A guest post from Sinead Murphy, author of Zombie University. It was written to support the current UCU strike.
We were horrified at Trump’s great wall and indulged ourselves in an oh-so-liberal outrage. Again and again we were directed to loathe it, by the media and their politician-puppets. And we did loathe it, again and again. And all the while, a real wall continued to rise, far higher than Trump’s folly ever could. Britain, among other countries, is cut through by this real wall. On one side are those with access to the trillions ‘printed’ by ‘quantitative easing’, at zero percent, or even ‘negative percent’, interest-rates. On the other side is everyone else, who continue to suffer the ‘credit crunch’ and who sometimes pay interest-rates equivalent to one-thousand percent or more for loans from ‘pay-day’ providers. On one side, lots of cash at no cost. On the other side, very little cash at high cost. The result is neo-Feudal Britain, founded upon a drastically unequal distribution of money and risk allied with the very sinister principle that where the money goes the risk does not. How paltry Trump’s mere bricks and mortar, next to this financial engineering.

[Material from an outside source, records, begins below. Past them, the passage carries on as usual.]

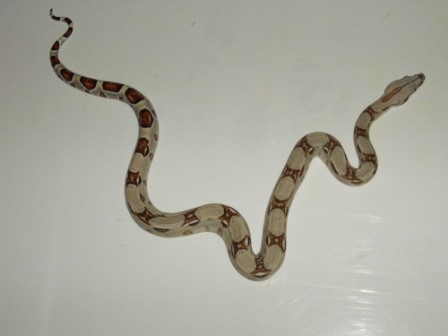 Male #5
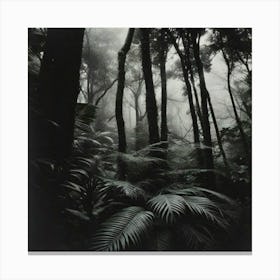 Black Forest Canvas Print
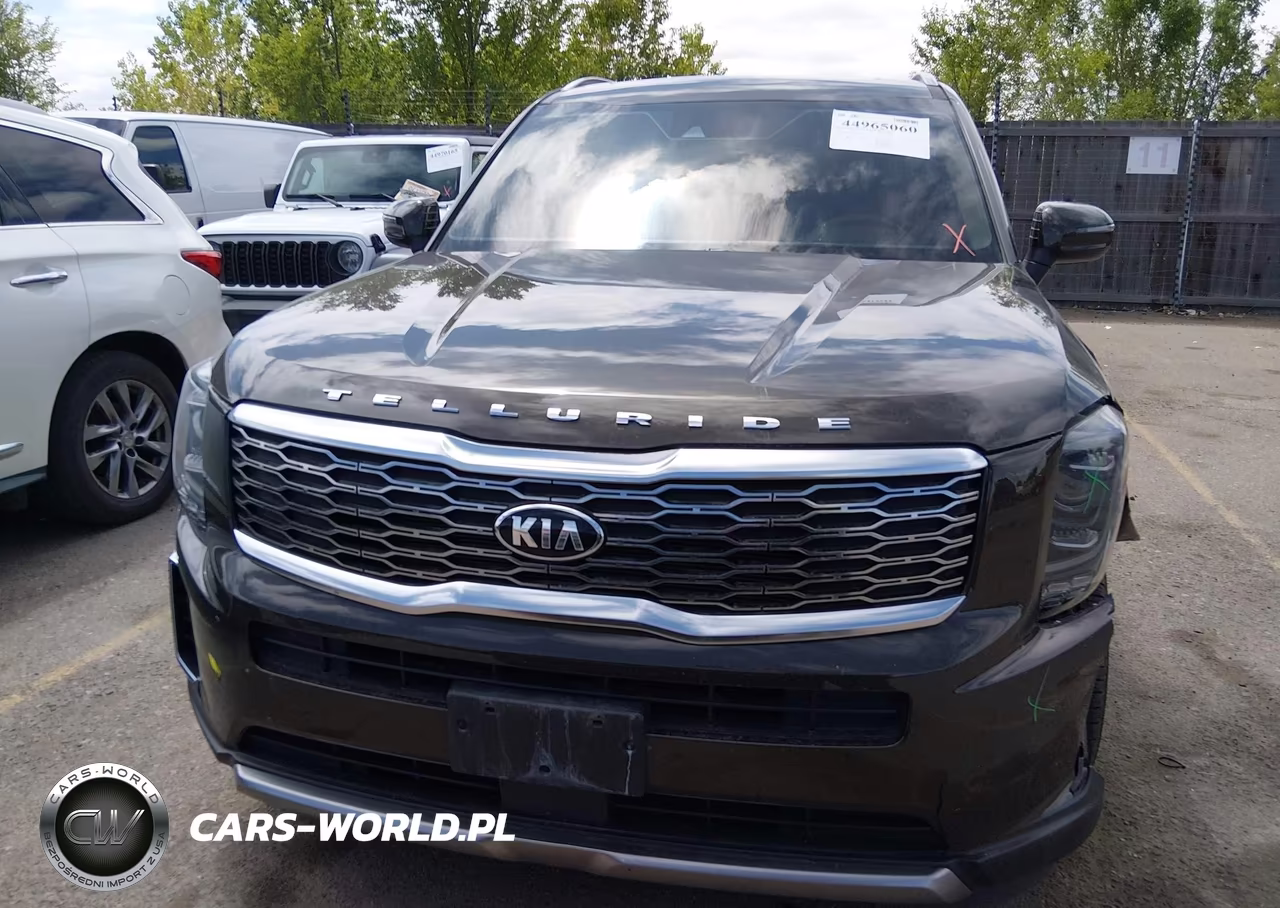 2020 Kia Telluride S VIN:5XYP6DHC4LG037103 - 12
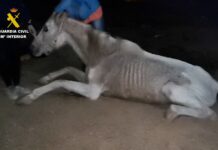 Die Guardia Civil verhaftet eine Person wegen Tierquälerei auf Gran Canaria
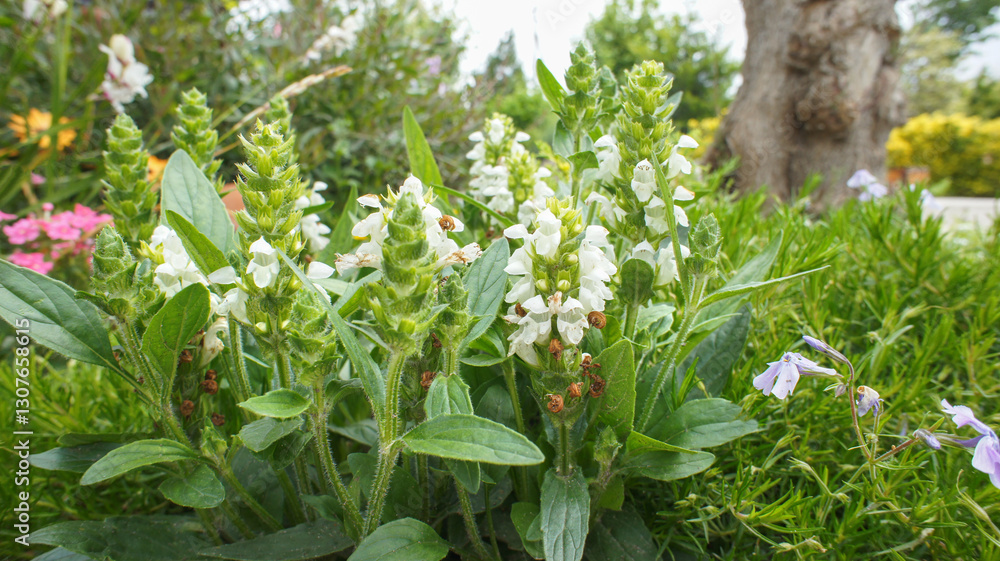 White low flower of Prunella laciniata or cutleaf selfheal, medicine use, in the garden or landscape architecture design White low flower of Prunella laciniata or cutleaf selfheal, medicine use, in the garden or landscape architecture design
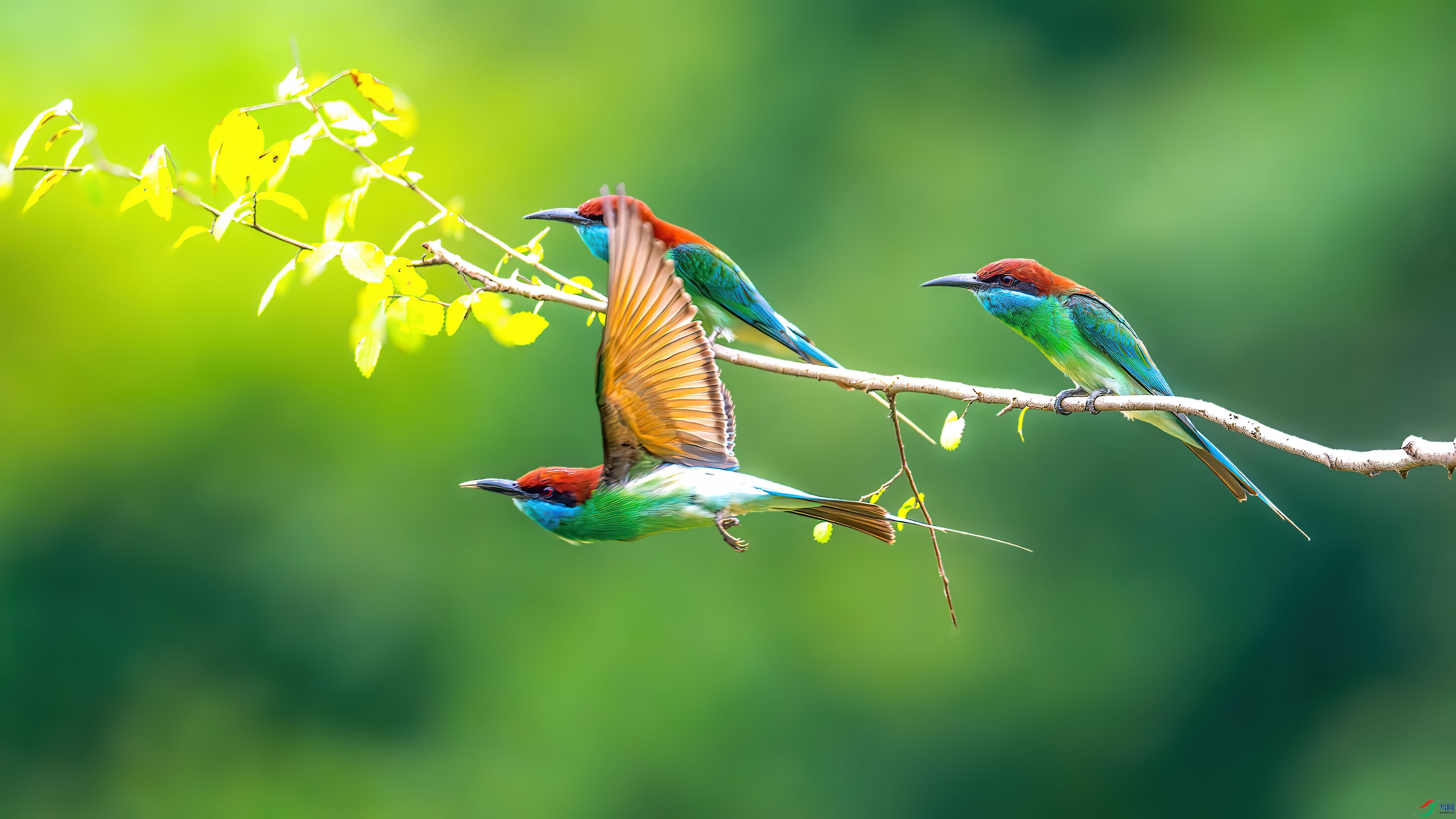 DSC_7647-����ǿ-NR.jpg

But what of the University in neo-Feudal Britain? Does it take issue with the accumulation-by-dispossession that has so surely impoverished all but the few? Does it put all its left-liberal posturing to work in defence of the right-to-livelihood of those it employs? On the contrary. The supposed institution of ideas accepts that there-is-no-alternative idea, and duly plays its part in the British horror show: the low interest-rates that have made such a playground for the elites on the other side of the wall have suppressed yield on investments on both sides of the wall, with the result that pension funds have to engage in more ‘imaginative’ speculation, where increased risk comes with increased potential return; and, on that sinister principle that risk must now be borne by the most vulnerable, the University has ruled that the worker take on the risk of her pension contributions doing badly in a market entirely rigged in favour of those who are paid money to borrow it and speculate with it – ‘Defined Contribution,’ not ‘Defined Benefit.’
My Zombie University makes and argues for the claim that, as the Bank now does nothing more or less than steal our money, so the University now does nothing more or less than suppress our thoughts. But it turns out that, given half a chance, the University will steal our money too.